What this error means
API Error (529): overloaded_error — Repeated API Error (529 "type":"overloaded_error") responses during Claude Code terminal usage is a Anthropic API / Claude Code failure pattern reported for developers trying to fix repeated 529 overloaded_error from anthropic api causing claude code sessions to fail with escalating retries.
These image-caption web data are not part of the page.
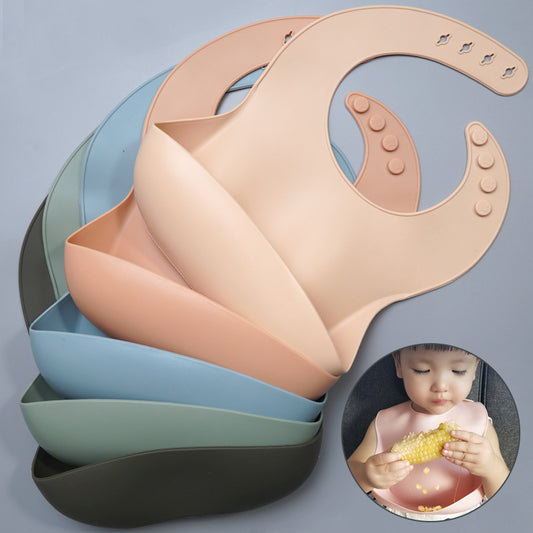 Babero de silicona suave impermeable con receptor de alimentos
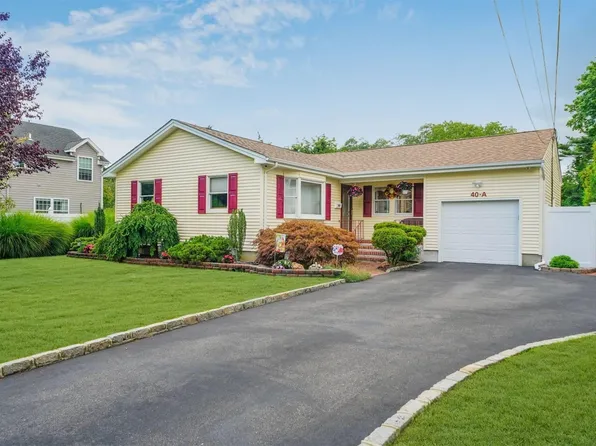 40A Greenwood Avenue, East Islip, NY 11730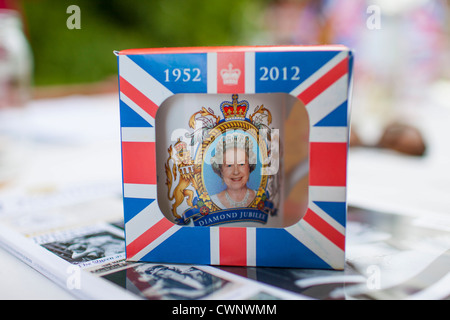 Tazza commemorativa con Union Jack flag dato fuori a street party per celebrare la regina del Giubileo di diamante nel Regno Unito Foto Stock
Based on the imported evidence, treat this as a tool-specific troubleshooting page rather than a generic API error.
Why this happens
Sources: https://github.com/anthropics/claude-code/issues/3555, #4149, #4154, #5769, #2919 — Multiple recurring reports across different dates showing persistent overloaded_error (HTTP 529) on Anthropic API. Retries escalate exponentially making sessions unusable. Affects both individual and org-tier users. Category mapping: Anthropic API (primary error origin), also relevant to Claude Code/AI Coding Tools ecosystem. High duplicate_risk among variants; consolidated here as one canonical candidate.
Common causes
- Sources: https://github.com/anthropics/claude-code/issues/3555, #4149, #4154, #5769, #2919 — Multiple recurring reports across different dates showing persistent overloaded_error (HTTP 529) on Anthropic API. Retries escalate exponentially making sessions unusable. Affects both individual and org-tier users. Category mapping: Anthropic API (primary error origin), also relevant to Claude Code/AI Coding Tools ecosystem. High duplicate_risk among variants; consolidated here as one canonical candidate.
Quick fixes
- Confirm the exact error signature matches
API Error (529): overloaded_error — Repeated API Error (529 "type":"overloaded_error") responses during Claude Code terminal usage. - Check the Anthropic API / Claude Code account, local tool state, and provider configuration involved in the failing workflow.
- Reduce request pressure, check quota or plan limits, and retry with backoff instead of immediate repeated requests.
Platform/tool-specific checks
- Verify the command, editor, extension, or API client that produced the error.
- Compare local settings with CI, deployment, or editor-level settings when the error appears in only one environment.
- Avoid deleting credentials, local model data, or project settings until the failing scope is clear.
Step-by-step troubleshooting
- Capture the exact error message and the command, editor action, or request that triggered it.
- Check whether the failure is account/auth, quota/rate, model/provider, local runtime, or deployment configuration.
- Review the source evidence below and compare it with your environment.
- Apply one change at a time and rerun the smallest failing action.
- Keep the working fix documented for the team or deployment environment.
How to prevent it
- Keep provider/tool configuration documented.
- Record non-secret diagnostics such as tool version, provider name, model name, and command path.
- Add a lightweight check before CI or production workflows depend on the tool.